Robert Cleverdon, TDI director of international projects, said, “This is an area that is headed for major, major, major change. Demographic change. The slated distribution center, the major new Beach Company project in Summerton and the continued influx of retirees that move into the area (are) all going to bring about change. You would like to retain the small town feel but have the benefits of growth.”
The major obstacle pointed out by some in attendance was the uncertainty of the water levels of Lake Marion. The drastic fall in lake levels discourages fishermen from making plans to visit the area, it was noted.
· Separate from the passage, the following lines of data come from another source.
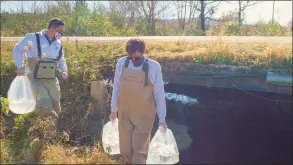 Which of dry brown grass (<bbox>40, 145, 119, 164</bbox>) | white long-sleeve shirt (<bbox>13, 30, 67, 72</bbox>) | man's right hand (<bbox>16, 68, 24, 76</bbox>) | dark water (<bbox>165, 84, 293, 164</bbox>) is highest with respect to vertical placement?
white long-sleeve shirt (<bbox>13, 30, 67, 72</bbox>)

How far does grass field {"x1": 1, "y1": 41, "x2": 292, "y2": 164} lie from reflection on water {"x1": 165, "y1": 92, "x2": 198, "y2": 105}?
1199 mm

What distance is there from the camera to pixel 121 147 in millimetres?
4266

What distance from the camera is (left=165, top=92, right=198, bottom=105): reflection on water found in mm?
8461

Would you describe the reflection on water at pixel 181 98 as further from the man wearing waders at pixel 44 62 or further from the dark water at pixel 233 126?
the man wearing waders at pixel 44 62

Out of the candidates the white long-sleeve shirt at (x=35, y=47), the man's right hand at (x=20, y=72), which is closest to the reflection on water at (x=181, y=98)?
the white long-sleeve shirt at (x=35, y=47)

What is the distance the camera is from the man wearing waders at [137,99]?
3.96 meters

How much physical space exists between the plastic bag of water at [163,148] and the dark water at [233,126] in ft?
10.3

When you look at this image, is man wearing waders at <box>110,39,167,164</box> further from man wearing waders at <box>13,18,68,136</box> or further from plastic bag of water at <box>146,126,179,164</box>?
man wearing waders at <box>13,18,68,136</box>

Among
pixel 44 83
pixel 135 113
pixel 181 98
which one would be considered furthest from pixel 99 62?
pixel 135 113

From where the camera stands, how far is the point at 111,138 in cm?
452

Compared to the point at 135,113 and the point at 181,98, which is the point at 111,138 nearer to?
the point at 135,113

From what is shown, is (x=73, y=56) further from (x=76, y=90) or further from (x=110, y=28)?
(x=110, y=28)

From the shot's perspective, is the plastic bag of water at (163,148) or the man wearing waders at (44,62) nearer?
the plastic bag of water at (163,148)

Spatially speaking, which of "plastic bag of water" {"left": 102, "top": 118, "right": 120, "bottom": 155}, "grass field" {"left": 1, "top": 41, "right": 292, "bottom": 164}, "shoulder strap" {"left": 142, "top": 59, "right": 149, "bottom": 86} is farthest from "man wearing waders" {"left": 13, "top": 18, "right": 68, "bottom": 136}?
"shoulder strap" {"left": 142, "top": 59, "right": 149, "bottom": 86} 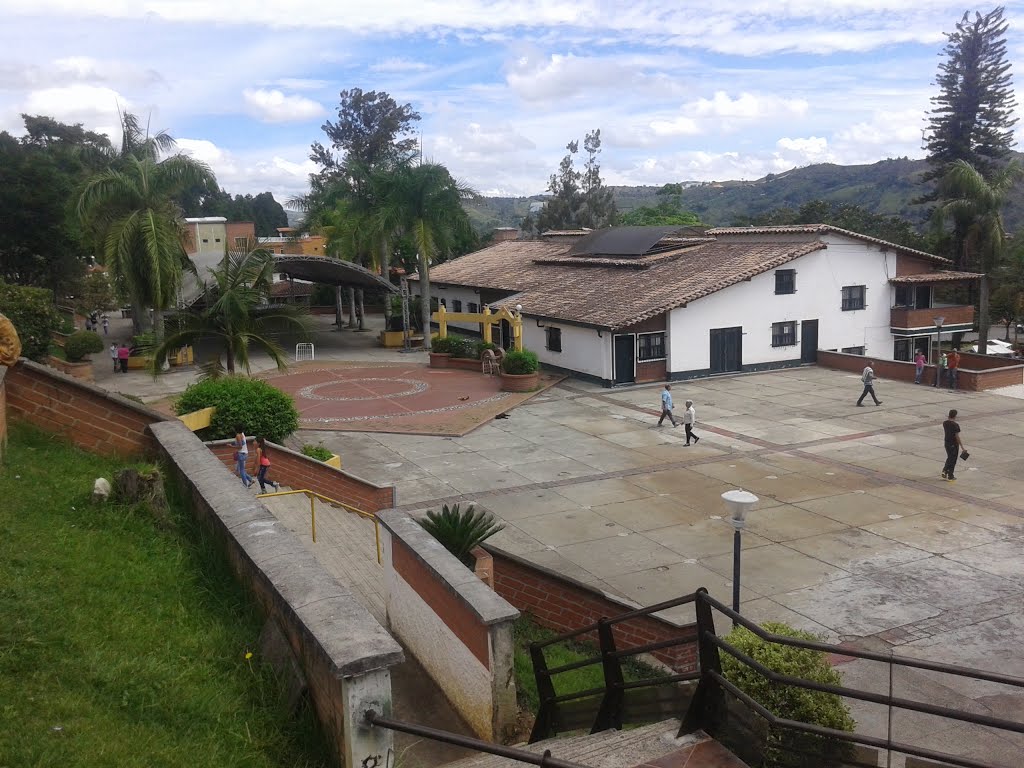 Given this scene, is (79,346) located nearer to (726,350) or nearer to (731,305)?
(726,350)

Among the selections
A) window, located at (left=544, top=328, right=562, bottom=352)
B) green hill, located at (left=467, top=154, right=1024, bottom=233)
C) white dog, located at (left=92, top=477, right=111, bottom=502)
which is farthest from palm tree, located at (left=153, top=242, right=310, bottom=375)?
green hill, located at (left=467, top=154, right=1024, bottom=233)

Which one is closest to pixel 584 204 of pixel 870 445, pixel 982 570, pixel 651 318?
pixel 651 318

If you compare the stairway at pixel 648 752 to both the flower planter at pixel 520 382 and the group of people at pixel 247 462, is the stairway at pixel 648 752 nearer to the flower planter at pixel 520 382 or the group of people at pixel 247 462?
the group of people at pixel 247 462

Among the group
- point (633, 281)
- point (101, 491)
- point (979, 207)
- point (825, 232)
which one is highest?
point (979, 207)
“The problems with Santee Cooper and the lake levels are not something that cannot be fixed with a little tweaking,” Cleverdon said. “We are talking about a big agency here, and to get cooperation is going to take more than what we can do here. It is going to take a lot of political pressure and movement to fix things. Yet, it is the key to this area.”
He said there seems to be a lack of coordination between adjoining counties and towns.
“The individual leaders of adjoining communities were exchanging business cards as if they did not know each other in our meetings,” Cleverdon said. The lack of coordination and forward planning hurts the effort to bring tourists to the area, he said.
The group as a whole agreed that golf is the major drawing card for Santee and the surrounding area and that the golfing community has done an excellent job of getting the news out to Canadians and the northern U.S. about the golf packages in Santee.
In summing up the first of four public meetings that will be held, those attending Tuesday’s session agreed that major changes are coming to the area and that more should be done to market Santee’s assets.